EXERCISE:
Copy the data that follows exactly. Include no pictures.

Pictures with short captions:
*** Begin section ***

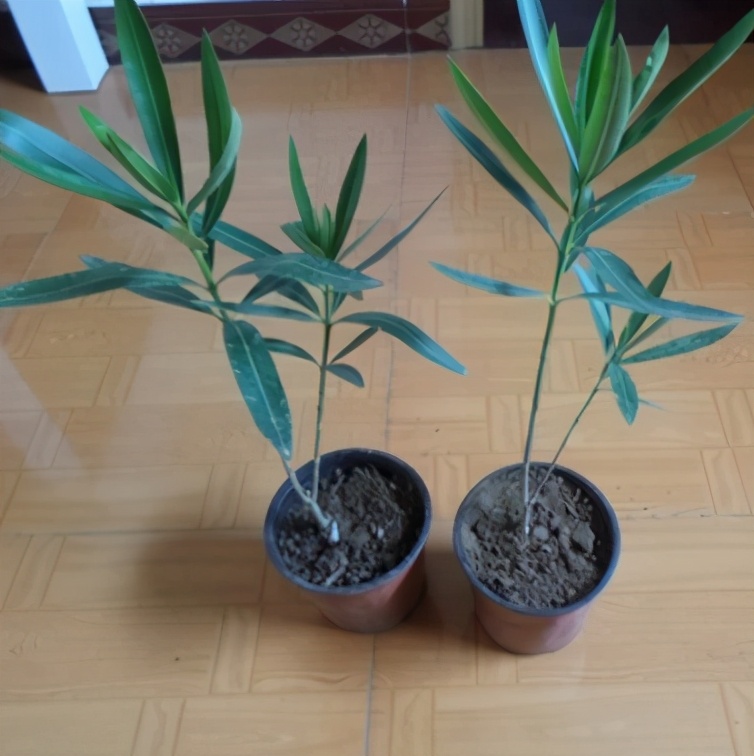 你养的花，可能是“毒花”，盘点8种常见毒花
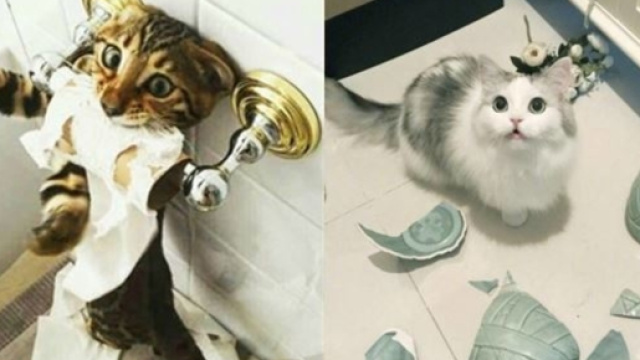 6 chats qui font des b&eacute;tises quand leur maitre n'est pas l&agrave; - photo publi&eacute;e sur ohmymag et animaals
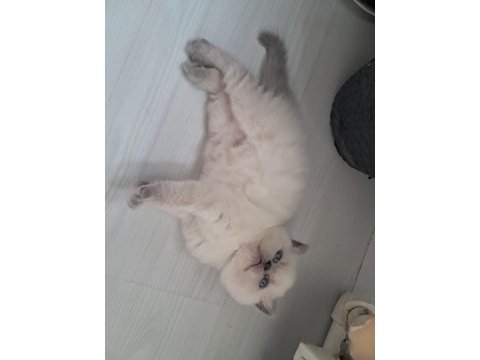 British shorthair blue point yavrularımız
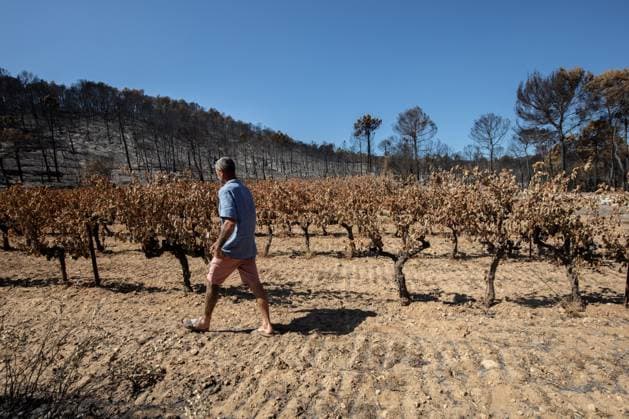 DAMAGE CAUSED TO VINEYARDS BY FIRES PHOTO PQR NICE MATIN CAMILLE DODET Correns Correns Correns Correns August 8, 2026 Photo PQR Camille Dodet Var Matin August 8, 2026 Correns, Var. After the fire that struck Correns, winegrowers are assessing the losses caused by the fire on the affected plots. In pictures. Photo: PQR Camille Dodet, Var Matin, August 8, 2026. Correns, Var. After the fire that struck Correns, winegrowersare assessing the losses caused by the fire’s passage through the damaged plots. In pictures: Fabien Mistre, president of the Correns Winegrowers’ Cooperative, walks through the rows of burned vines. Photo: PQR Camille Dodet, Var Matin, August 8, 2026. Correns Var After the fire that struck Correns, winemakers are assessing Copyright: xPHOTOPQR NICExMATIN MAXPPPxCAMILLExDODETx 20260808NIM4867 20260808NIM4867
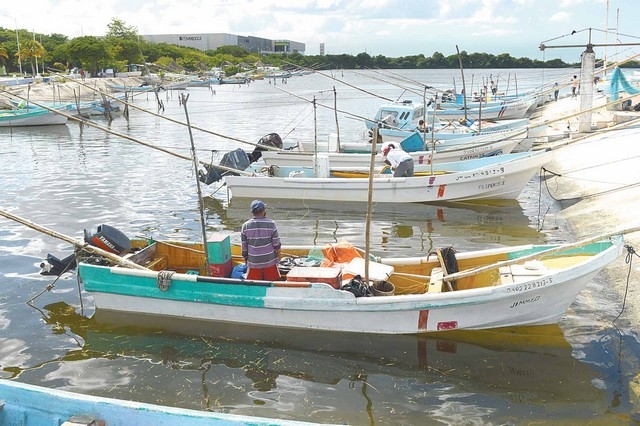 Pescadores esperan que Inapesca amplíe el periodo de captura del pulpo en Campeche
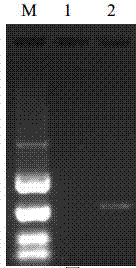 NASBA primer, kit and method for detecting peach latent mosaic viroid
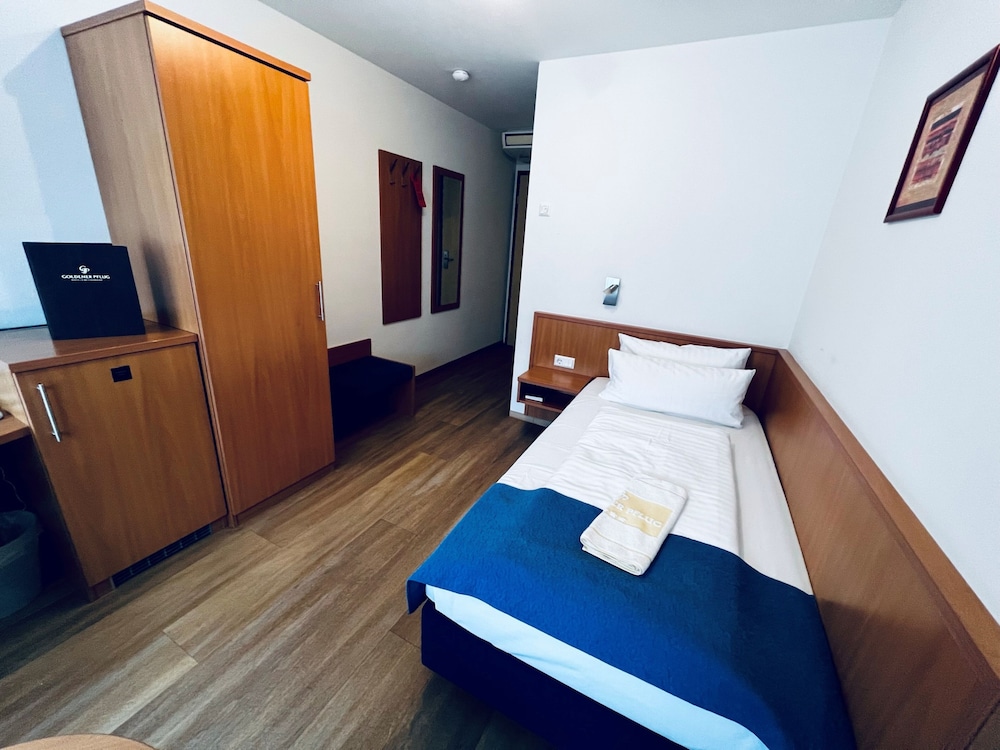 Hotel & Restaurant Goldener Pflug 18/77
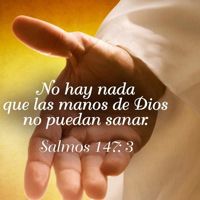 Entupresencia🤍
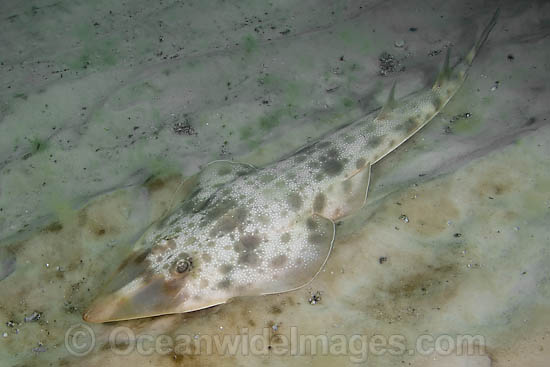 Atlantic Guitarfish (Rhinobatos lentiginosus). Panama City, Florida, USA, Gulf of Mexico. Photo - Andy Murch Atlantic Guitarfish (Rhinobatos lentiginosus). Panama City, Florida, USA, Gulf of Mexico. Photo - Andy Murch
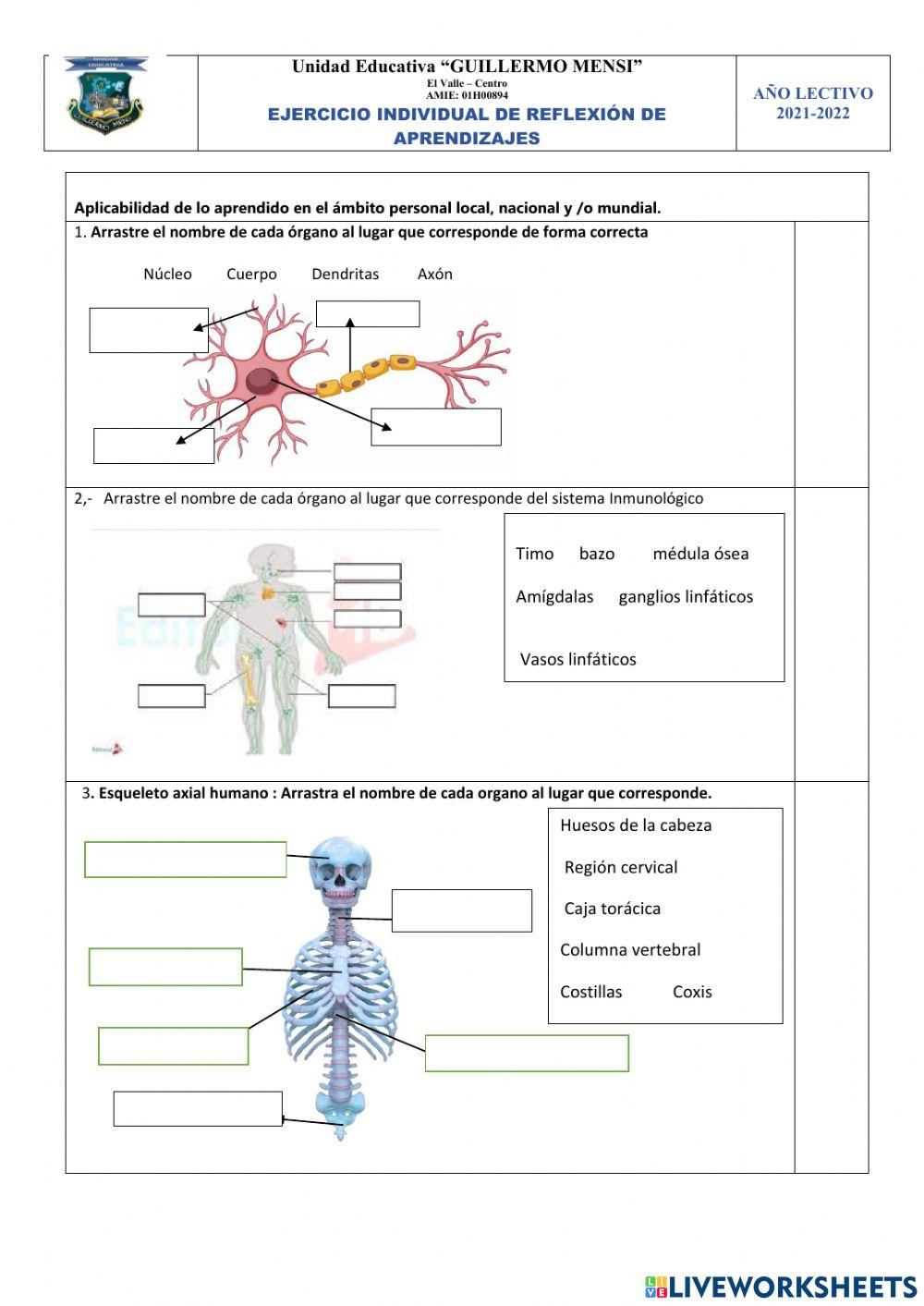 Examen de Anatomía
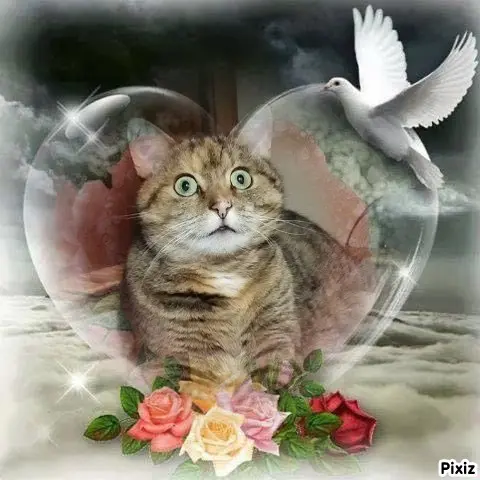 Condolence image of Tanja mit Timmy im Herzen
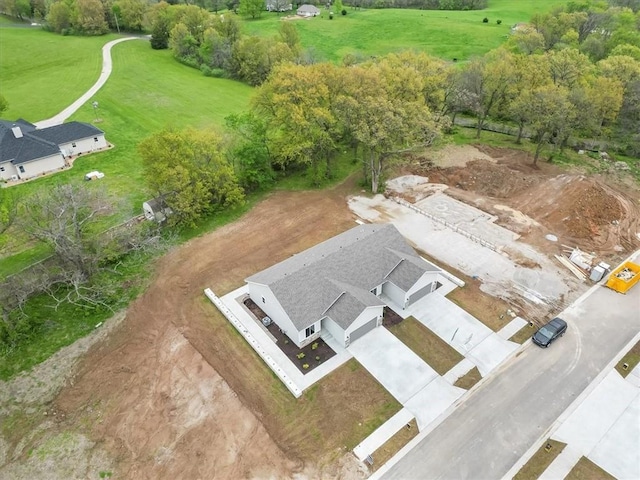 bird's eye view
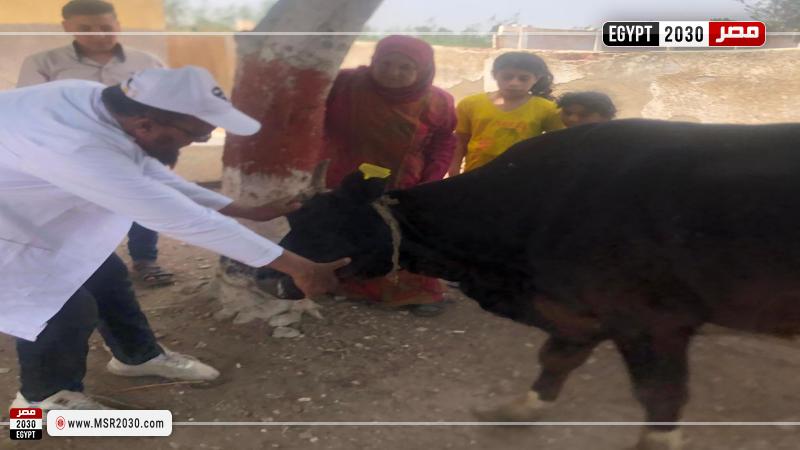 محافظة كفرالشيخ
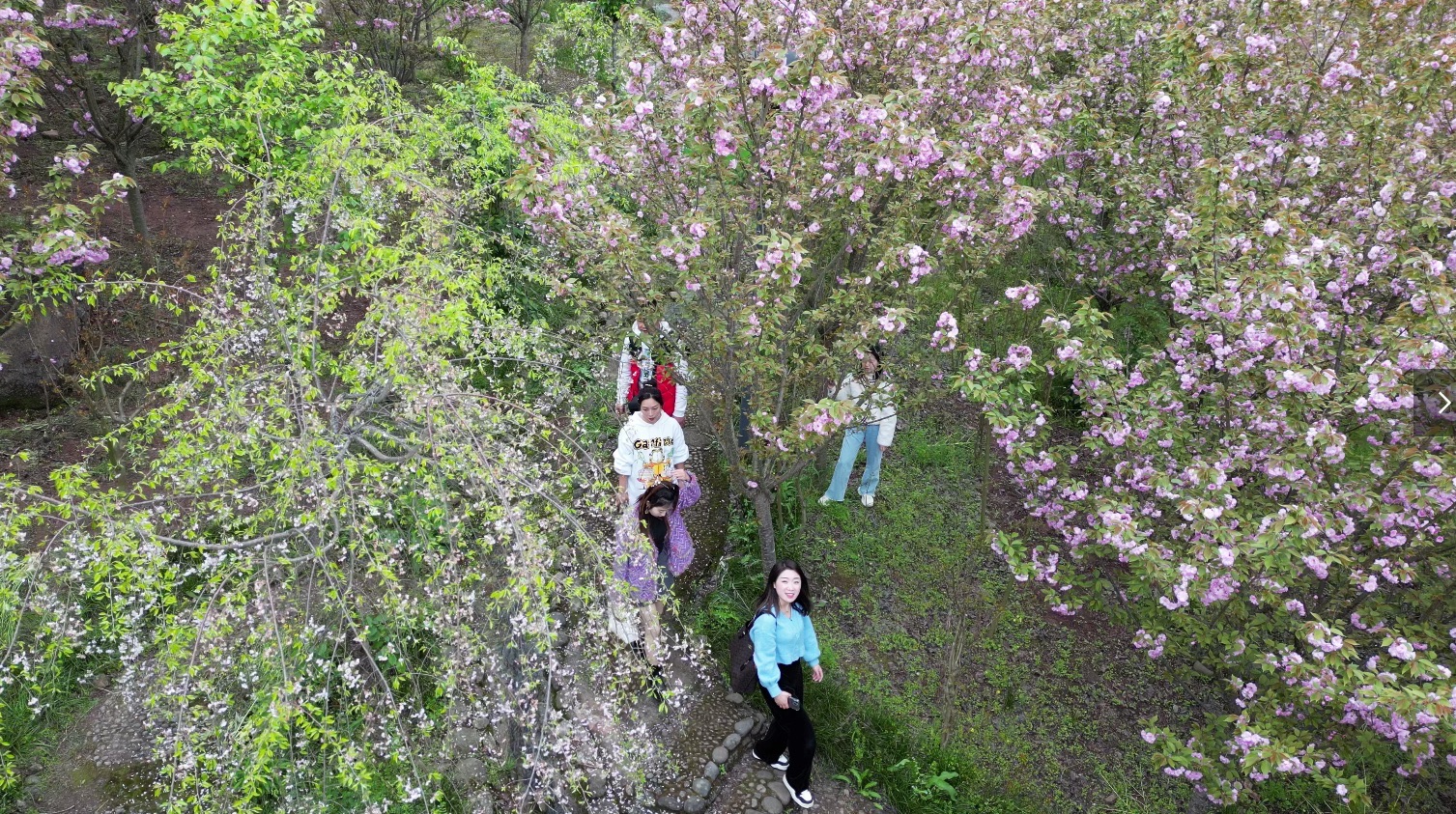 盛山植物园旅行图片 3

*** End section ***

TASK SOLUTION:
 你养的花，可能是“毒花”，盘点8种常见毒花
 6 chats qui font des b&eacute;tises quand leur maitre n'est pas l&agrave; - photo publi&eacute;e sur ohmymag et animaals
 British shorthair blue point yavrularımız
 DAMAGE CAUSED TO VINEYARDS BY FIRES PHOTO PQR NICE MATIN CAMILLE DODET Correns Correns Correns Correns August 8, 2026 Photo PQR Camille Dodet Var Matin August 8, 2026 Correns, Var. After the fire that struck Correns, winegrowers are assessing the losses caused by the fire on the affected plots. In pictures. Photo: PQR Camille Dodet, Var Matin, August 8, 2026. Correns, Var. After the fire that struck Correns, winegrowersare assessing the losses caused by the fire’s passage through the damaged plots. In pictures: Fabien Mistre, president of the Correns Winegrowers’ Cooperative, walks through the rows of burned vines. Photo: PQR Camille Dodet, Var Matin, August 8, 2026. Correns Var After the fire that struck Correns, winemakers are assessing Copyright: xPHOTOPQR NICExMATIN MAXPPPxCAMILLExDODETx 20260808NIM4867 20260808NIM4867
 Pescadores esperan que Inapesca amplíe el periodo de captura del pulpo en Campeche
 NASBA primer, kit and method for detecting peach latent mosaic viroid
 Hotel & Restaurant Goldener Pflug 18/77
 Entupresencia🤍
 Atlantic Guitarfish (Rhinobatos lentiginosus). Panama City, Florida, USA, Gulf of Mexico. Photo - Andy Murch Atlantic Guitarfish (Rhinobatos lentiginosus). Panama City, Florida, USA, Gulf of Mexico. Photo - Andy Murch
 Examen de Anatomía
 Condolence image of Tanja mit Timmy im Herzen
 bird's eye view
 محافظة كفرالشيخ
 盛山植物园旅行图片 3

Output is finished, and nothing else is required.